Does concurrency have some effect over HTTP client?

214 views
Skip to first unread message

JuanPablo AJ

unread,
Oct 24, 2020, 1:31:21 PM10/24/20
to golang-nuts
Hi,

I have some doubts related to the HTTP client.

I have an HTTP service that in the handler calls synchronously to another HTTP service (serviceA). (I will call it case 1).

func withoutGoroutine(w http.ResponseWriter, r *http.Request) {

  httpGetA()

  _, err := w.Write([]byte(``))
  if err != nil {
    log.Printf("%v", err)
  }
}

The same service has another handler, it does the same that case 1 with an additional asynchronous HTTP call to a different service (serviceB) using a different HTTP client (I will call it case 2).

func withGoroutine(w http.ResponseWriter, r *http.Request) {

  httpGetA()

  _, err := w.Write([]byte(``))
  if err != nil {
    log.Printf("%v", err)
  }

  go httpGetB()
}

I run some load tests over these handlers with these results

Case 1

    ab -n 500000 -c 50 0.0.0.0:8080/withoutgoroutine
    ...
    Percentage of the requests served within a certain time (ms)
      50%      3
      66%      4
      75%      4
      80%      4
      90%      5
      95%      7
      98%     10
      99%     11
     100%     38 (longest request)

Case 2

    ab -n 500000 -c 50 0.0.0.0:8080/withgoroutine
    ...
    Percentage of the requests served within a certain time (ms)
      50%      5
      66%      5
      75%      6
      80%      6
      90%      8
      95%     10
      98%     14
      99%     16
     100%     42 (longest request)

Why case 2 has slower responses?
If in case 2 I add more asynchronous calls (two or three) the response time were worst and worst.
I would expect the same response time.

To be sure about the problem is not the creation of goroutines, I created a third case: Case 1 with the creation of goroutines but without an HTTP call.

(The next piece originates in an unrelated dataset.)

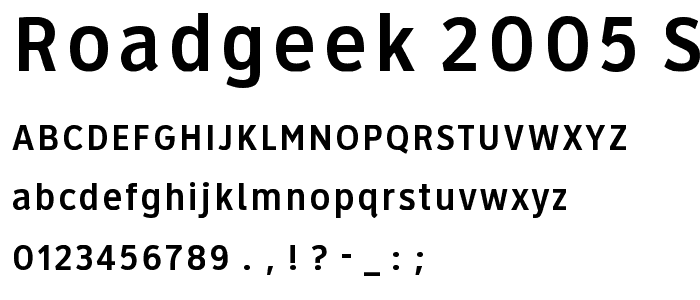 Roadgeek 2005 Series 3B font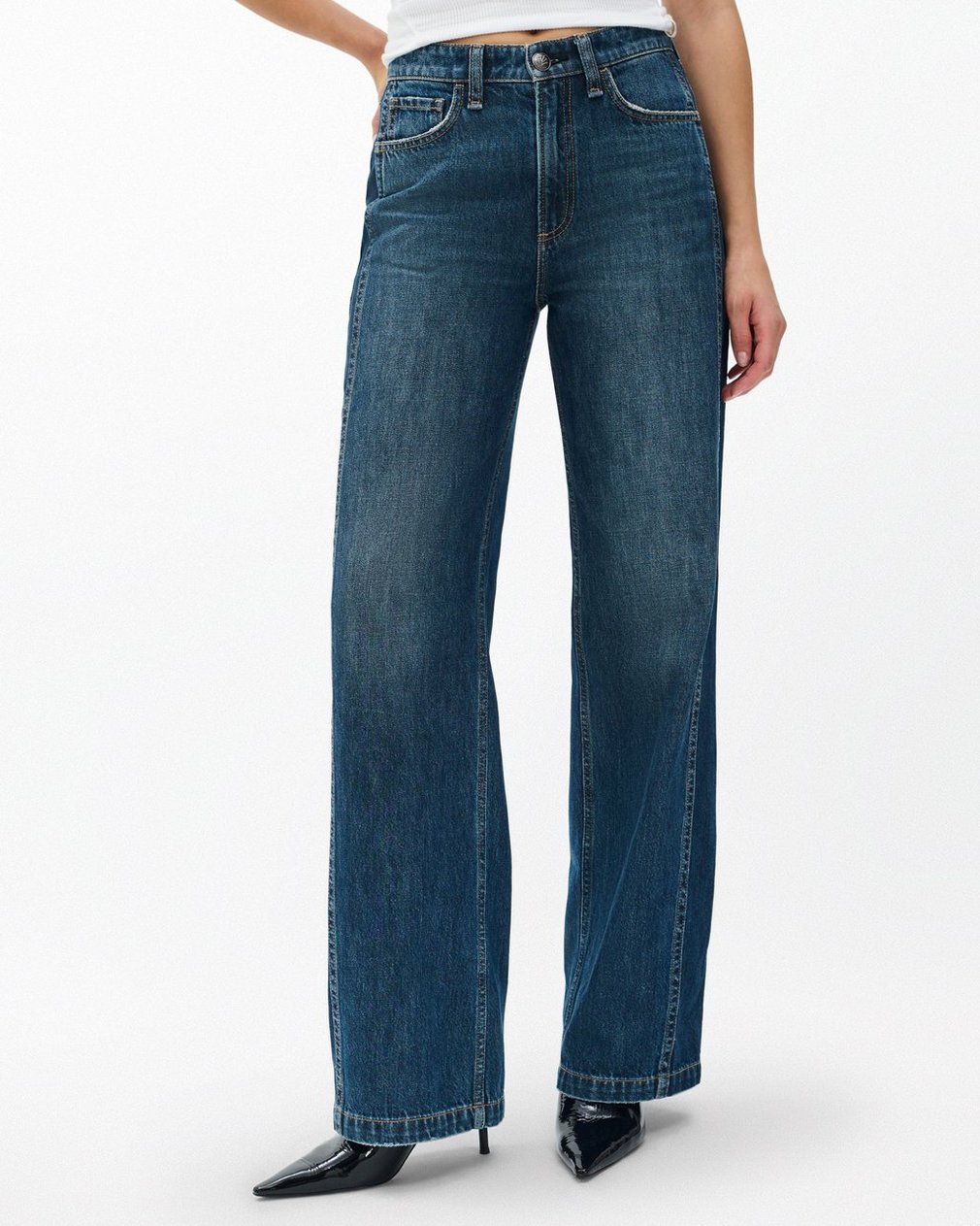 Logan Spliced Wide-Leg Jeans Two Tone Dk Indigo - Image 4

func withSleepyGoroutine(w http.ResponseWriter, r *http.Request) {

  httpGetA()

  _, err := w.Write([]byte(``))
  if err != nil {
    log.Printf("%v", err)
  }

  go func() {
    time.Sleep(1 * time.Millisecond)
  }()
}

In cases 2 and 3, the goroutines are created after the HTTP response is sent.

I made the load tests in different machines to dismiss a network issue.

The full source code is available in this Github repo.


Thanks a lot for your help.

Regards

Jesper Louis Andersen

unread,
Oct 25, 2020, 7:07:58 AM10/25/20
to JuanPablo AJ, golang-nuts
On Sat, Oct 24, 2020 at 7:30 PM JuanPablo AJ <jpab...@gmail.com> wrote:
 
I have some doubts related to the HTTP client.

First, if you have unexplained efficiency concerns in a program, you should profile and instrument. Make the system tell you what is happening rather than making guesses as to why. With that said, I have some hunches and experiments you might want to try out.

When you perform a load test, you have a SUT, or system-under-test. That is the whole system, including infrastructure around it. I can be a single program, or a cluster of machines. You also have a load generator, which generates load on your SUT in order to test different aspects of the SUT: bandwidth usage, latency in response, capacity limits, resource limits, etc[1]. Your goal is to figure out if the data you are seeing are within an acceptable range for your use case, or if you have to work more on the system to make it fall within the acceptable window.

Your test is about RTT latency of requests. This will become important.

One particular problem in your test is that the load generator and the SUT runs in the same environment. If the test is simple and you are trying to stress the system maximally, chances are that the load generator impacts the SUT. That means the latency will rise due to time sharing in the operating system.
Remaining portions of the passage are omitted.